The Echoing Green

The Untold Story of Bobby Thomson, Ralph Branca and the Shot Heard Round the World, by Joshua Prager. My youngest daughter gave this book to me for my last birthday since she thought, correctly, that I must have been around for this game on October 3, 1951. Not only was I around for it, I remember watching it in black and white on a TV set in Bobby Lawler’s living room with a collection of other guys my age. I also remember praying that the Giants would come back against the hated Dodgers to win this last game of the National League playoff.
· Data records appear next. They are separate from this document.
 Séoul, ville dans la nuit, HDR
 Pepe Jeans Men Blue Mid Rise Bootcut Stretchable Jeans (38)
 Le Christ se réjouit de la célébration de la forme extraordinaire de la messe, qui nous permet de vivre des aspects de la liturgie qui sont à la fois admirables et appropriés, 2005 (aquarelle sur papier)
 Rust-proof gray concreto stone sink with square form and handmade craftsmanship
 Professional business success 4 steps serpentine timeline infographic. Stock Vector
While I was then and am to this day, a Braves fan—they being in Boston at the time—growing up only 90 miles from NYC, I had to adopt one of the clubs there when my Braves weren’t doing well—a common occurrence in the late ‘40’s and early 50’s. Since I was also an ABY fan (Anybody But the Yankees) this meant opting for one of the metropolitan National League team. That team was the Giants. And, as any Giant fan worth his salt knows, if you rooted for the Giants, you hated the Dodgers—unless, of course, they played the Yankees in the World Series, in which case you had to root for a NL team. So, it was that I found myself asking God to allow the Giants to, somehow, come back against those Dodgers. It is one of the few times that my faith has been immediately rewarded.
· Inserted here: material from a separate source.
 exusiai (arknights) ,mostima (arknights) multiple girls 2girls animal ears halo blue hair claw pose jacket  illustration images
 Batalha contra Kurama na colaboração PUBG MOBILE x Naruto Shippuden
Therefore, I was excited to get a book that looks, in depth, at one of the events I remember so well from my past—right up there with my marriage, the birth of my kids, the death of my father, and JFK’s assassination. While I am enjoying the story—at this point I’m about half way through it—I am finding the author’s writing a bit hard to follow.

When one is reading for pleasure, it is nice to be ably to read along without having to stop and ponder what in hell that last sentence means. Try this one: “The gods of baseball had what to work with.” I’m still trying to figure out that sentence, which appeared on p15—is there a question mark and/or a “that” missing? Mostly, however, Prager often writes as if he’s doing dialogue for Yoda. Take this sentence: “”It was the maligned Thomson who won for Durocher his debut, a pinch-single with two out in the eight giving New York a 6- 5 win.” Then there is this: “Ott was out, thrown a sinecure beside farm director Carl Hubbell in the front office.” Now I’ve a pretty good vocabulary but I had to look up the meaning of “sinecure” and, when I did, still am not sure how it was “thrown” at Mel Ott.

These are only a couple of examples, there are many others. My overall impression is that either English is a second language for Prager (actually not the case as his parents were from NYC, but then again…) or he needed, and didn’t get, a good editor. At any rate, this writing is a good example of what can be done when one has a word processing computer and, I guess, we’re going to have to get used to it.

Which is too bad, because the story is a good one and Prager has done a lot of research on not only the game itself but the principals and the times surrounding them. Take the information that the Giants had a coach in the clubhouse with a spyglass stealing the catcher’s signs and relaying them to the batter—Thomson may well have known what pitch Branca was sending his way. Not only is this written up, but Prager gives personal background information about those who proposed the spying, supplied the glass, and wired the bell. It is all good stuff and interesting, too bad it isn’t easier to read.

From an historical point, the book is interesting. Just don’t expect to sit down a breeze through it. Frankly, I’ve found mathematics texts that were easier reading.